> **LISTED ENTRIES**:
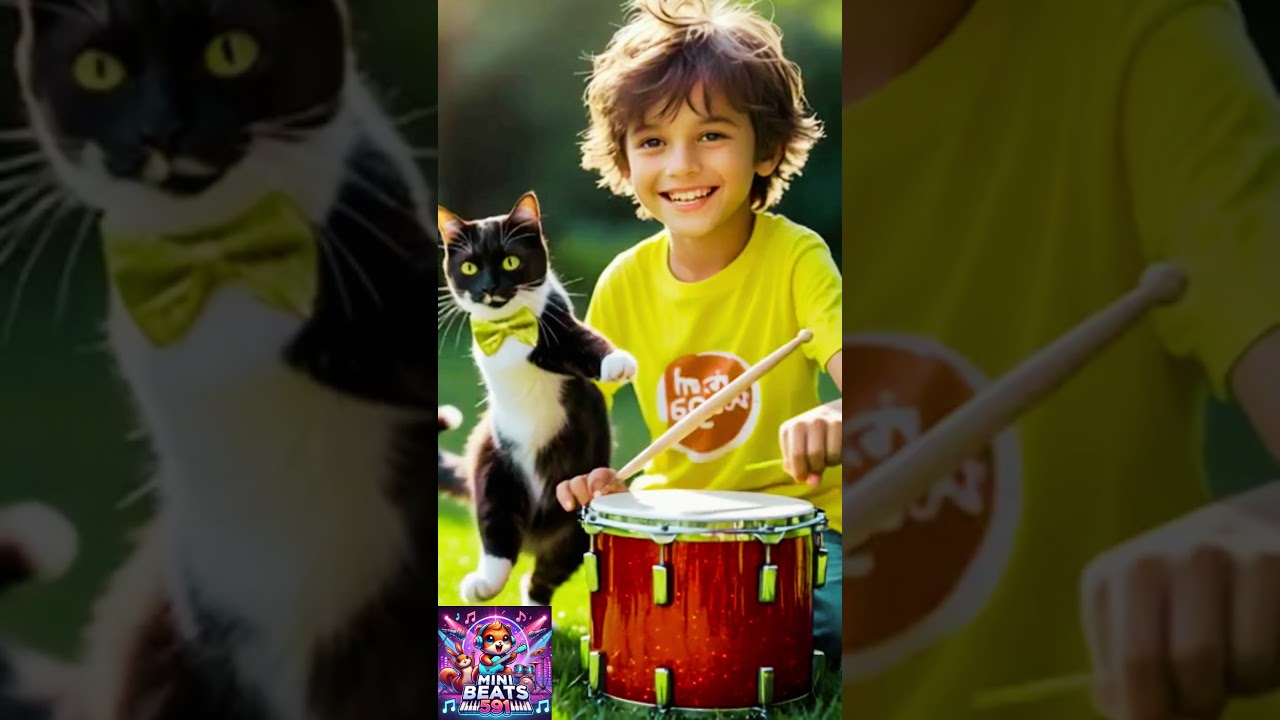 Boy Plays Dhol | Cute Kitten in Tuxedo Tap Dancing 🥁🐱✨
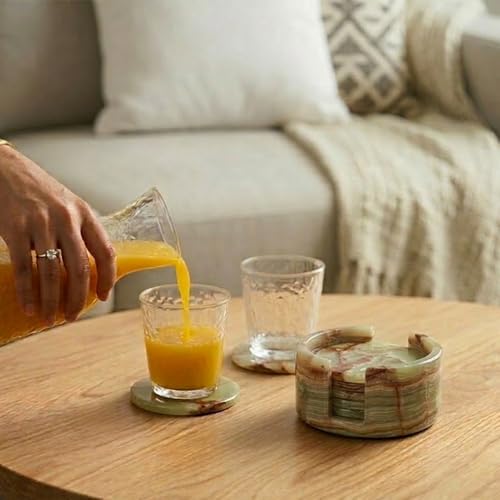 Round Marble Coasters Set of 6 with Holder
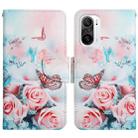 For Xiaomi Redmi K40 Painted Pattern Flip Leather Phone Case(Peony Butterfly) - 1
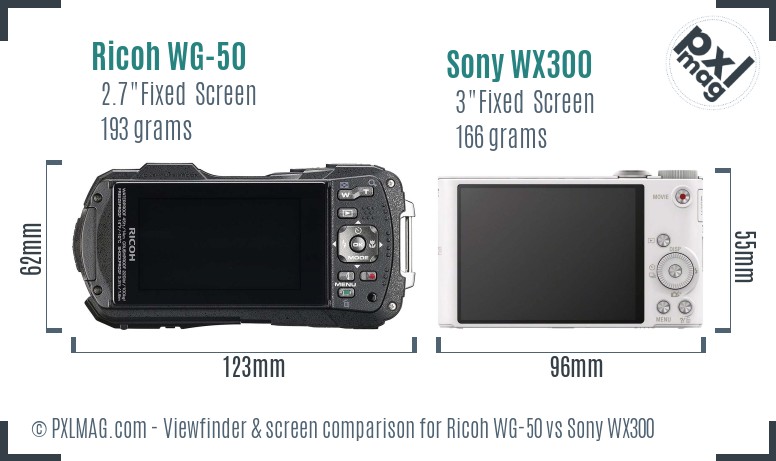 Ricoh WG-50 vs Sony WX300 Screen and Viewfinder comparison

--

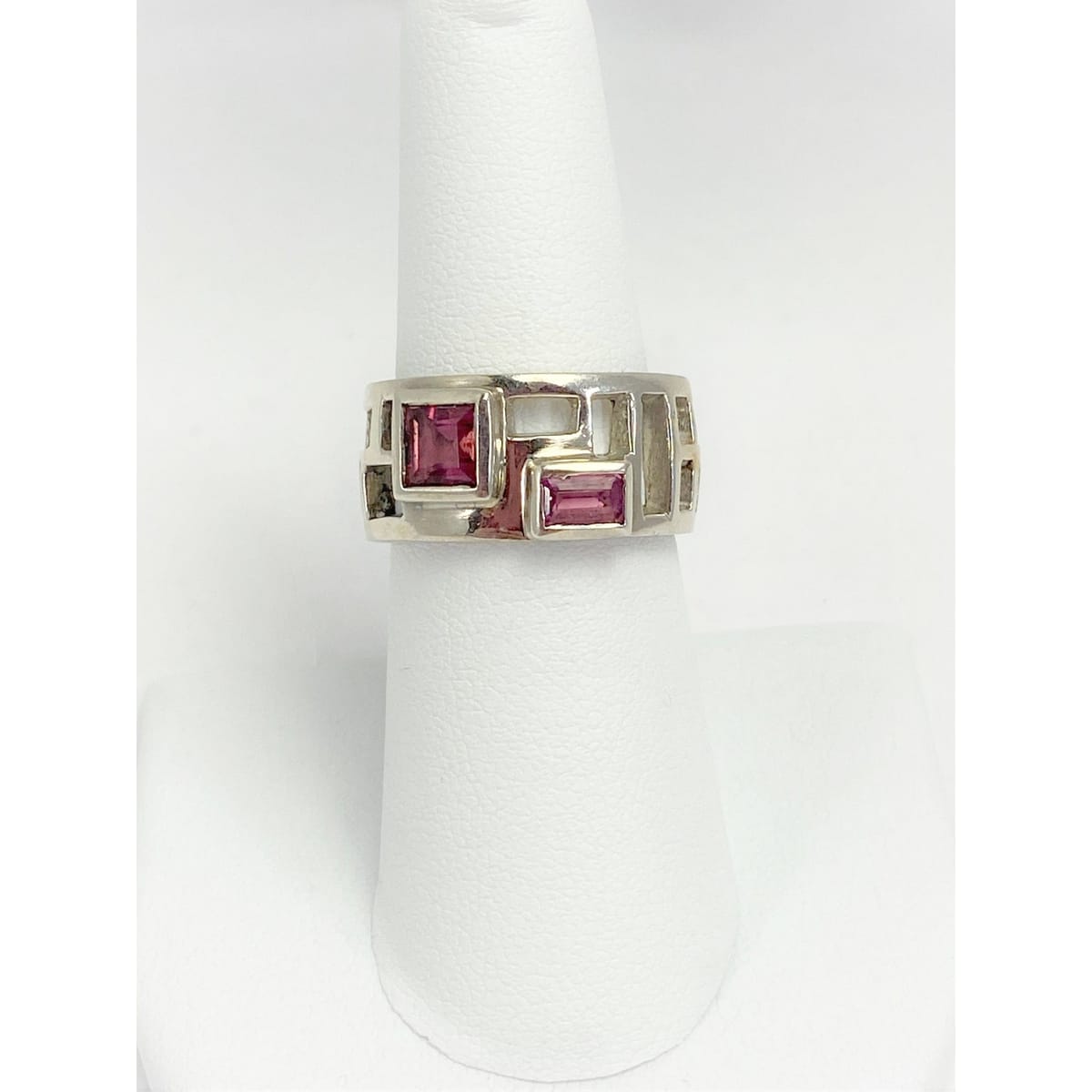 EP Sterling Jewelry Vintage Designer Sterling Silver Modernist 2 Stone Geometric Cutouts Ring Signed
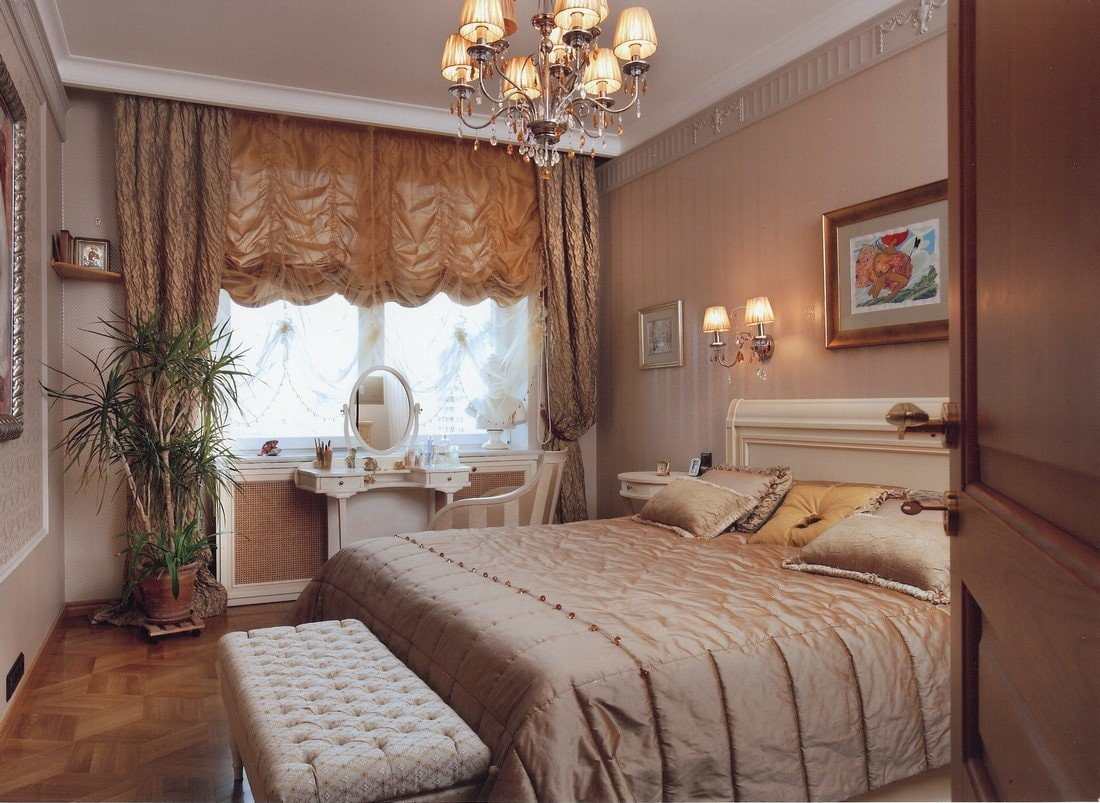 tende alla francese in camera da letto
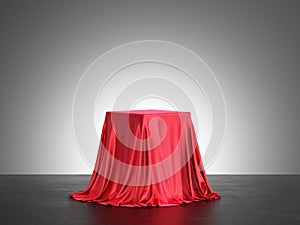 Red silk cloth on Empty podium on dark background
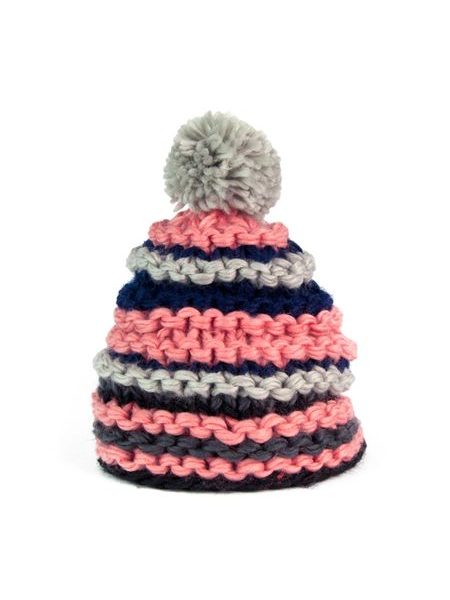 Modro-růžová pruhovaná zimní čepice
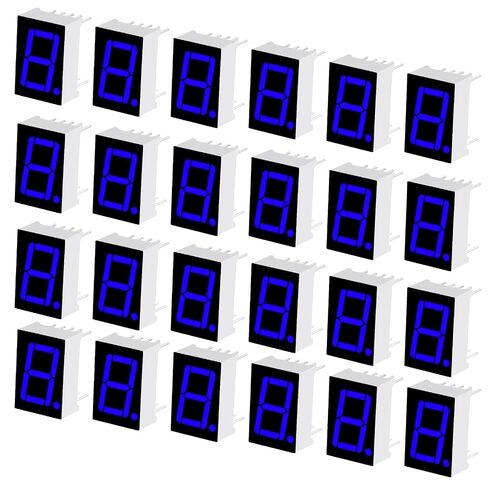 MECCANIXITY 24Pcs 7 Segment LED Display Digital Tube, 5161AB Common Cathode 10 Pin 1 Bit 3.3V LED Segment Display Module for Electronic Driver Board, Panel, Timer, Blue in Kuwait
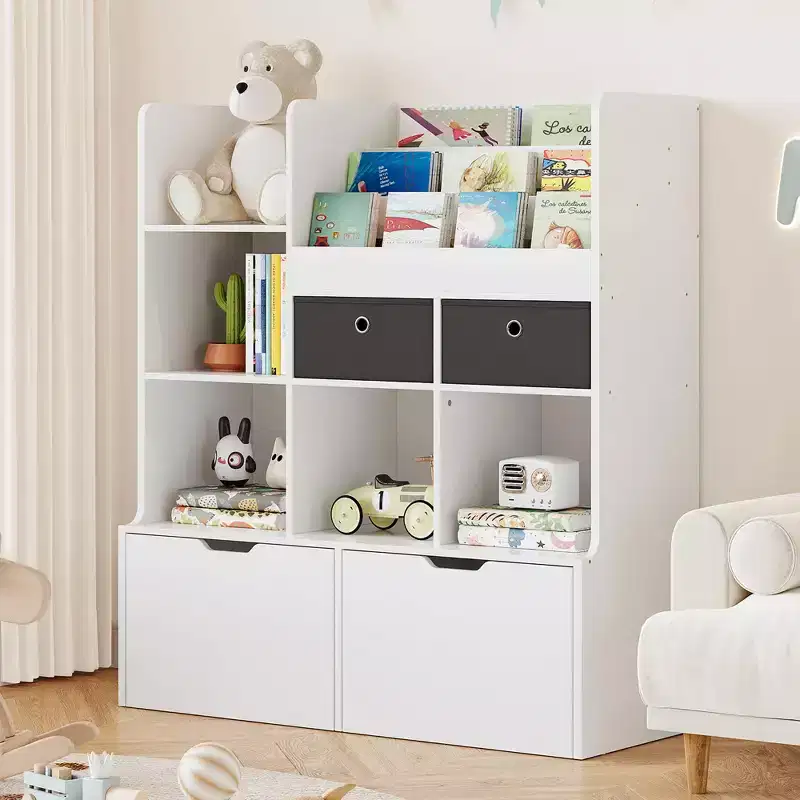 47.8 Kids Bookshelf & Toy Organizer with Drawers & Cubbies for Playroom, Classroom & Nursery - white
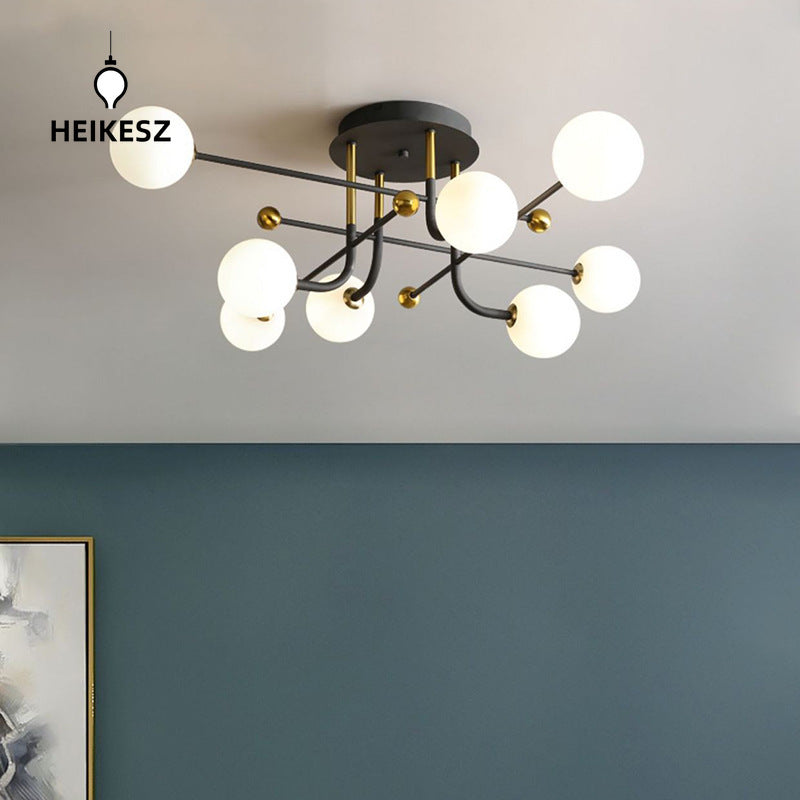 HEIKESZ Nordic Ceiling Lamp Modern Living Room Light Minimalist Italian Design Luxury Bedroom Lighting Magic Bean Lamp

> **WHAT THE EXERCISE ASKS**: Write out, word for word, the stretch of entries that begins at the line with "Boy Plays Dhol" and ends at the line with "Ricoh WG-50 vs". Pictures do not belong in it.

> **SOLUTION FOR THIS PROBLEM**:
 Boy Plays Dhol | Cute Kitten in Tuxedo Tap Dancing 🥁🐱✨
 Round Marble Coasters Set of 6 with Holder
 For Xiaomi Redmi K40 Painted Pattern Flip Leather Phone Case(Peony Butterfly) - 1
 Ricoh WG-50 vs Sony WX300 Screen and Viewfinder comparison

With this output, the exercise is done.